LOS ANGELES — Hollywood’s writers have been on strike since May 2. What’s keeping them from making a deal with the studios?

In part, it’s because technology and the way people consume entertainment have changed dramatically since 2007, the last time the writers went on strike. At that time, a big issue was residual payments from DVD sales.

Here’s a look at some of the major issues now dividing the Writers Guild of America (WGA) and the Alliance of Motion Picture and Television Producers (AMPTP). And keep in mind, even if issues get resolved with the writers, the Screen Actors Guild-American Federation of Television and Radio Artists has been on strike for about 40 days and has to negotiate a separate deal with the studios.

This issue has bedeviled the industry ever since Netflix released all 13 episodes of “House of Cards” at once in 2013, proving that streaming services could produce quality content and that viewers would pay to binge it. It contributed to profound changes in how Hollywood did business, perhaps most significantly how writers worked and how they got paid. Several streaming-related issues are now being litigated in the writers strike.

Theoretically, the more popular a show, the more leverage its writers would have to demand higher residuals, but studios and streaming services have been very opaque about viewership data. The AMPTP, which includes movie studios, TV networks and streaming services such as Amazon, Apple and Disney, proposes to share confidential quarterly reports with the WGA that would enable the guild to propose a new residual regime “in the future.” (Amazon founder Jeff Bezos owns The Washington Post. The Post’s interim CEO, Patty Stonesifer, sits on Amazon’s board.)

The WGA believes the viewership data should be available now and is proposing a viewership-based residual system to reward programs with greater viewership — on top of a guaranteed minimum residual.

The WGA says progress has been made in negotiations. Writers feared that studios would start generating AI-produced scripts that would need only rewrites, eliminating the need for all but a few writers. But studios have agreed to a number of protections to ensure that AI-produced material is not passed off as the work of humans, and that writers are not shoved aside or faced with reduced payments as a result of AI.

However, writers also want to ensure that screenplays, scripts and other material they’ve written in the past will not be used to train AI systems. In other words, the screenwriters don’t want their work fed into the AI systems that synthesize vast reams of information from the internet, thus learning to appear more and more human in speech and writing.

The process by which television shows are written is an overriding concern for many writers. Classic sitcoms such as “Seinfeld” or “Friends” employed as many as 12 writers under the showrunner in charge of the program’s overall operations. Writers would share ideas, and some would have the opportunity to go to the set of the show and interact with actors — thereby learning every step of the process. The writers were guaranteed employment for the better part of a year, and they usually earned enough to have at least a middle-class existence and to provide for a family.

Studios have already begun reducing the size of writers’ rooms to what are being called “mini-rooms,” with four or five people.
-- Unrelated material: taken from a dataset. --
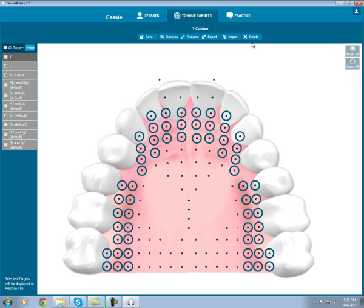This concludes this demo of the SmartPalette software. If you have any additional questions, please call us at 877-710-6031 or email at contactus@completespeech.com.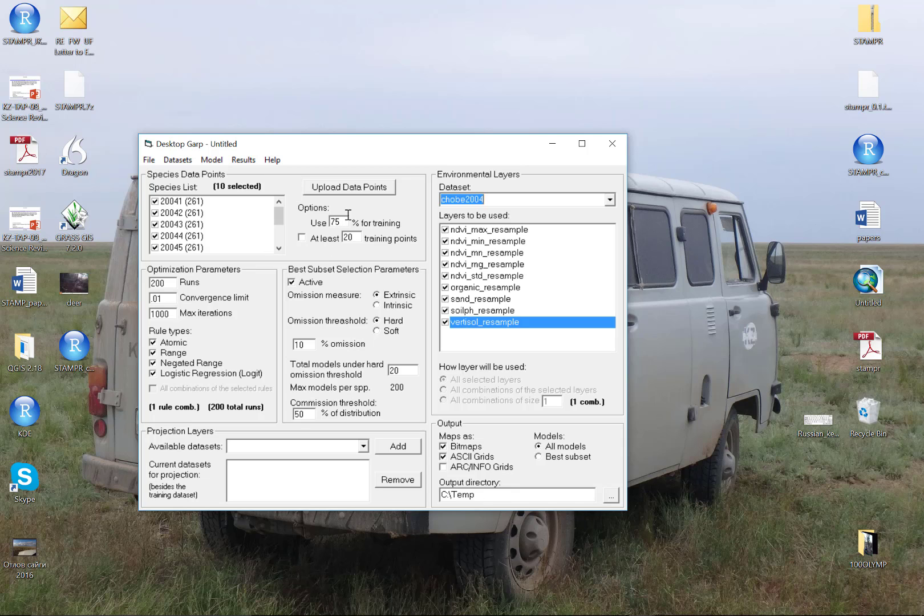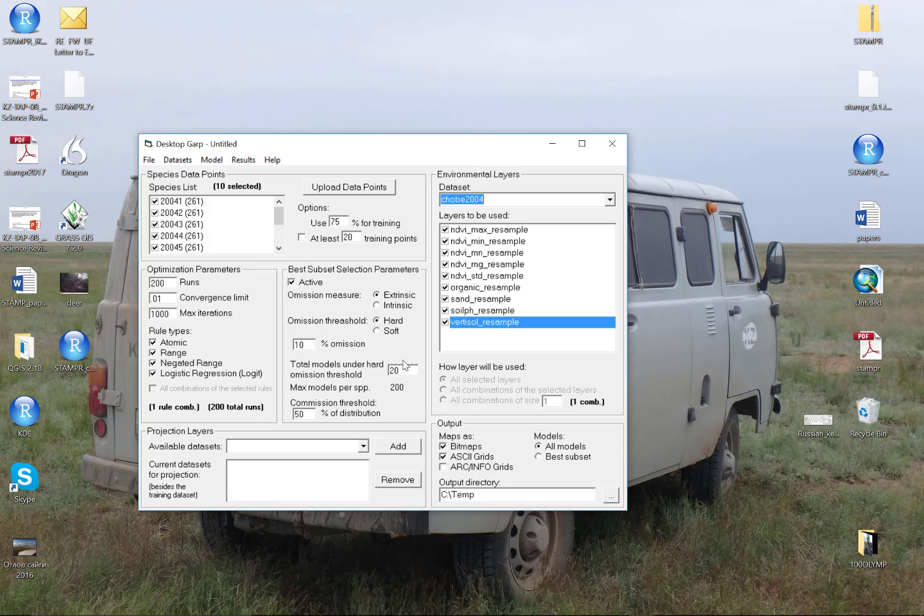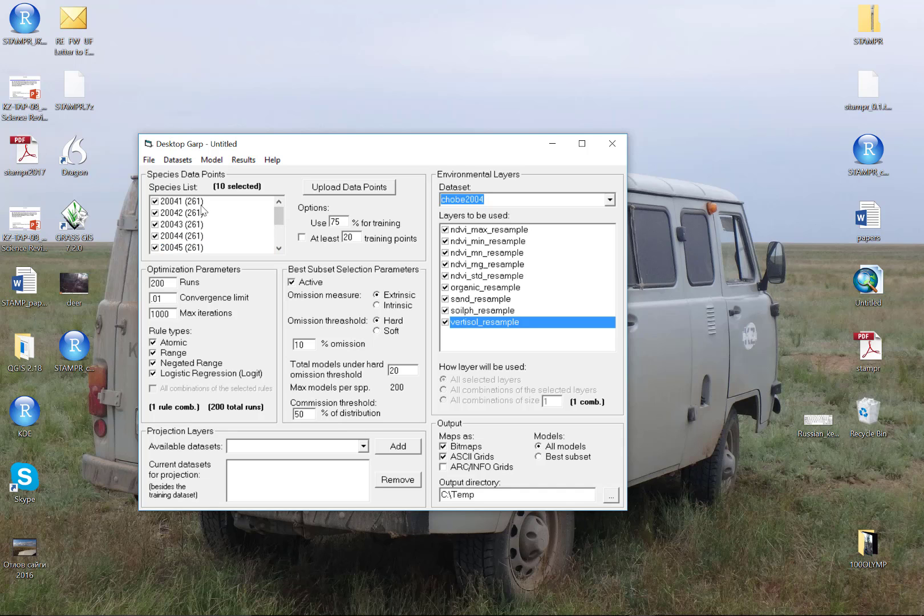Now I have my environmental dataset. Here I'm using a series of NDVI and soils variables. Here I have my input data for the description of my occurrence points, defined as 75% of these data for training, 25% for internal testing, which is going to populate the best subset procedure. I'm using at least 200 runs. I need at least 200 so that I can find 20 good models. This is going to build 10 individual GARP runs, one for each: 2004-1, 2004-2, 2004-3, and so on.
In present negotiations, the AMPTP is proposing three-member writers’ rooms, including the showrunner. The WGA is demanding a minimum of six, with the ability to hire up to as many as six more, depending on the length of the series. Writers say shows suffer if fewer viewpoints are offered and a tiny group is forced to quickly turn around work. Additionally, minorities have said they believe they could be excluded if the sizes of writers’ rooms are decreased.

For all but the most well-known writers — and few writers really are well-known outside of Hollywood — being a screenwriter or TV writer means jumping from one project to another, pitching shows that never get made or movies that get produced but never released. It can be a tough way to make a living. The WGA is seeking a guarantee that writers on streaming shows would be employed for at least 13 weeks. The AMPTP’s counter is 10 weeks.